Finished my first bottle stopper ( had a few come apart on me on the lathe). This is a piece of stabilized buckeye that I have had for some time. At first I thought it was kind of "plain" looking until I misted it with some water . It's set on a mini cone . Thanks for looking !

Reactions: Like 10


----------



## justturnin (Nov 14, 2013)

I love making bottle stoppers. They are a lot of fun w/ no limits in creativity. I like this shape because it lets the wood do the talking. So many get caught up in crazy shapes the natural look is lost to beads and coves.

Reactions: Like 4


----------



## manbuckwal (Nov 14, 2013)

justturnin said:


> I love making bottle stoppers. They are a lot of fun w/ no limits in creativity. I like this shape because it lets the wood do the talking. So many get caught up in crazy shapes the natural look is lost to beads and coves.

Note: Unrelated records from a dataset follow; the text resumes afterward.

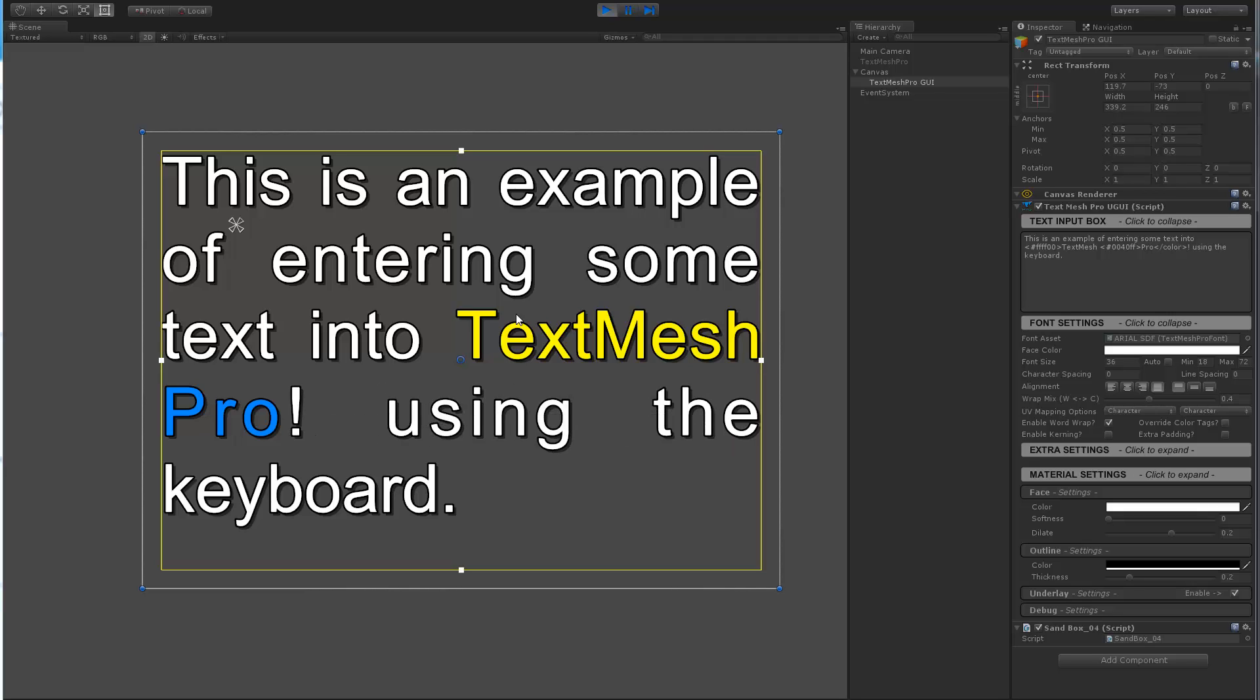As you can see here I'm typing with the keyboard entering the text. Right now just a little bit on the setup, I'm using the latest beta of Unity 4.6. You're basically seeing TextMesh Pro, this is the UGUI component which is using rect transform and rendering to a canvas.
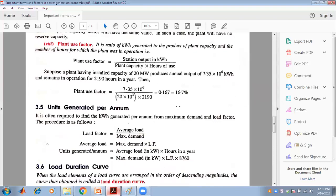Another important quantity is units generated per annum. Since load factor equals average demand divided by maximum demand, the average load equals maximum demand multiplied by load factor. Therefore, units generated per annum equals average load in kW multiplied by hours in a year, which is maximum demand (kW) multiplied by load factor multiplied by 8,760.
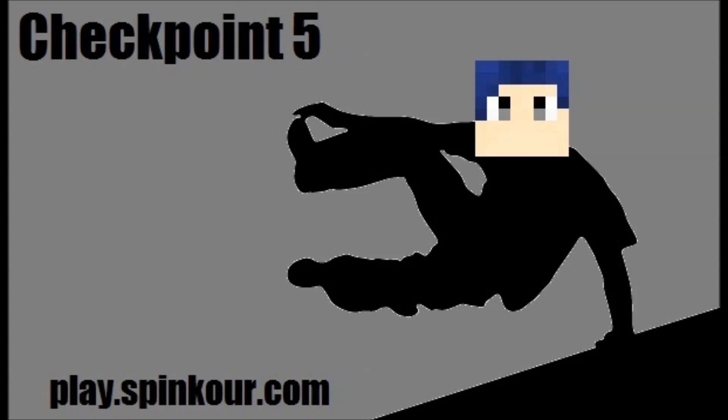Welcome back for another parkour tutorial. This time we're on checkpoint 5 of the grade course and my senior moderator, Hazma, is going to start things off.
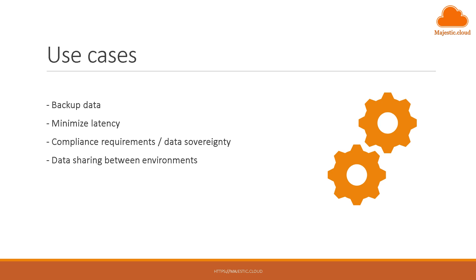The other one is to minimize latency. Maybe you have users distributed globally and you want to make available the files close to your users so they have lower latency.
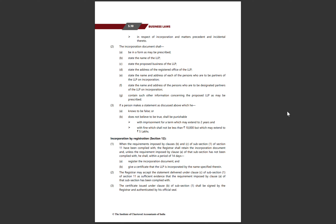Once you submit all the required documents to the ROC, within 14 days the ROC will register your incorporation document and issue a certificate confirming that your LLP has been incorporated. The Registrar may accept the statement delivered under clause C of subsection 1 of Section 11 as sufficient evidence that the requirements of clause A have been complied with — meaning all legal compliances as per the act have been properly followed.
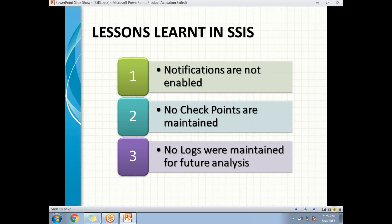While developing a project in the future, please take care of these three points. First: notifications are not enabled — enable notifications wherever required. Second: no checkpoints are maintained — maintain checkpoints based on data sensitivity. Third: no logs are maintained — maintain logs wherever required for future analysis. Thank you for watching. If you like our videos, please like, subscribe, and share.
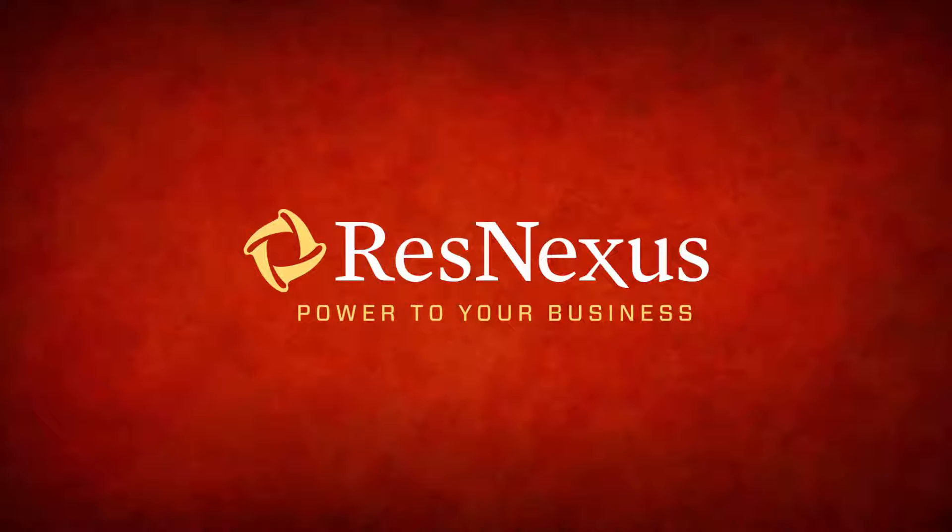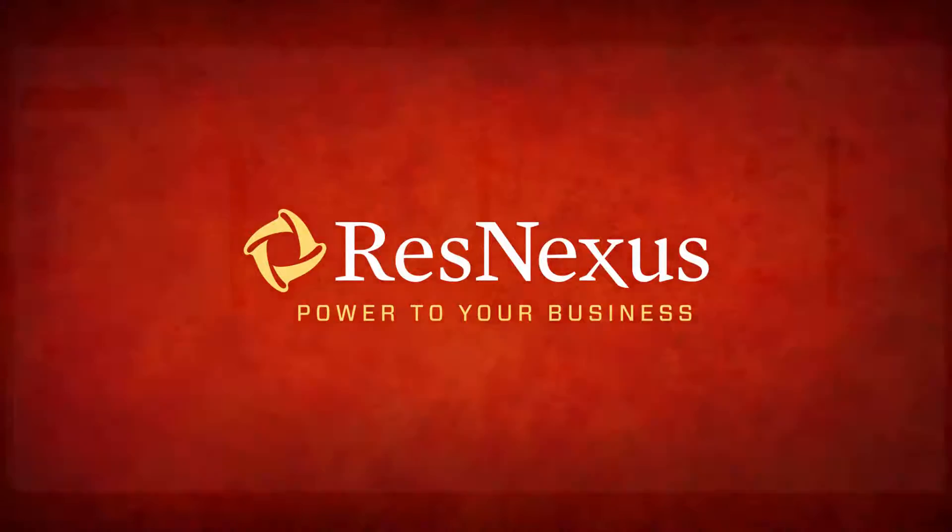Welcome! We'd like to thank you for taking a few minutes to become more familiar with how to check someone out in the ResNexus system.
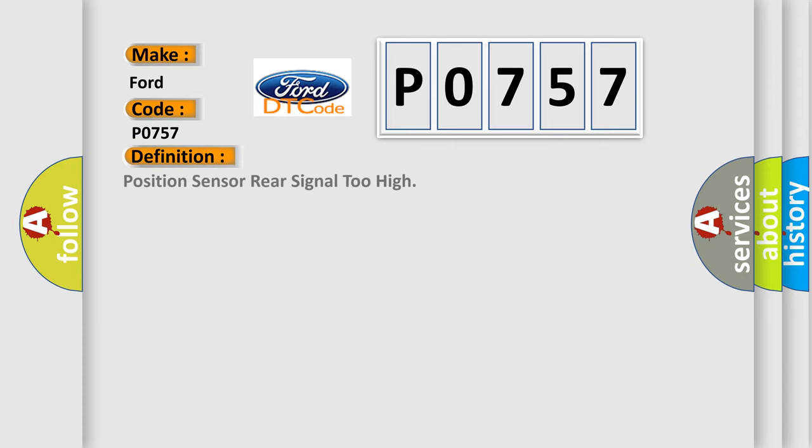The basic definition is: Position sensor rear signal too high.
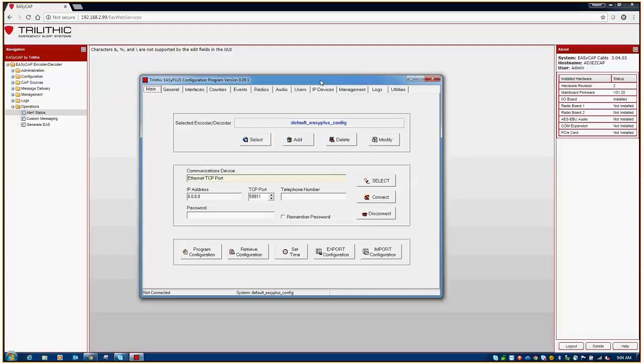So, after you've opened up your software, the first thing that you want to do is select, if applicable, the appropriate EZPlus, EZCast, or EZIPTV hardware you're wanting to connect to, and then select retrieve configuration.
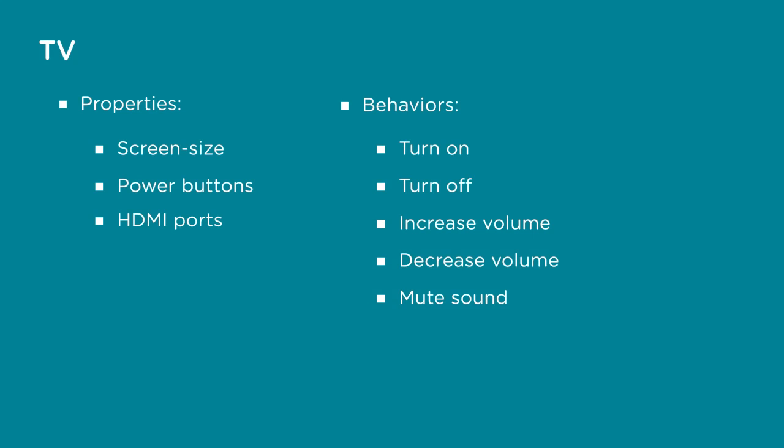What did you come up with? The example I went with is a TV. Its properties are screen size, power buttons, and HDMI ports. Its behaviors are turning off or on, increasing or decreasing the volume, and muting the sound.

Funny you would say that, cuz I told my wife the same thing. Keep it simple and let the figure in the wood do the talking !

Reactions: Like 1


----------



## Cody Killgore (Nov 14, 2013)

Awesome Tom!!! I'll turn one of these some day... it just won't be that pretty

:allhail:

Reactions: Like 1


----------



## rdnkmedic (Nov 14, 2013)

Nice. I like the wood too. Excellent turn.

Reactions: Like 1


----------



## Kevin (Nov 14, 2013)

Tom that's a beauty. Form and wood - you nailed it.



justturnin said:


> ... So many get caught up in crazy shapes the natural look is lost to beads and coves.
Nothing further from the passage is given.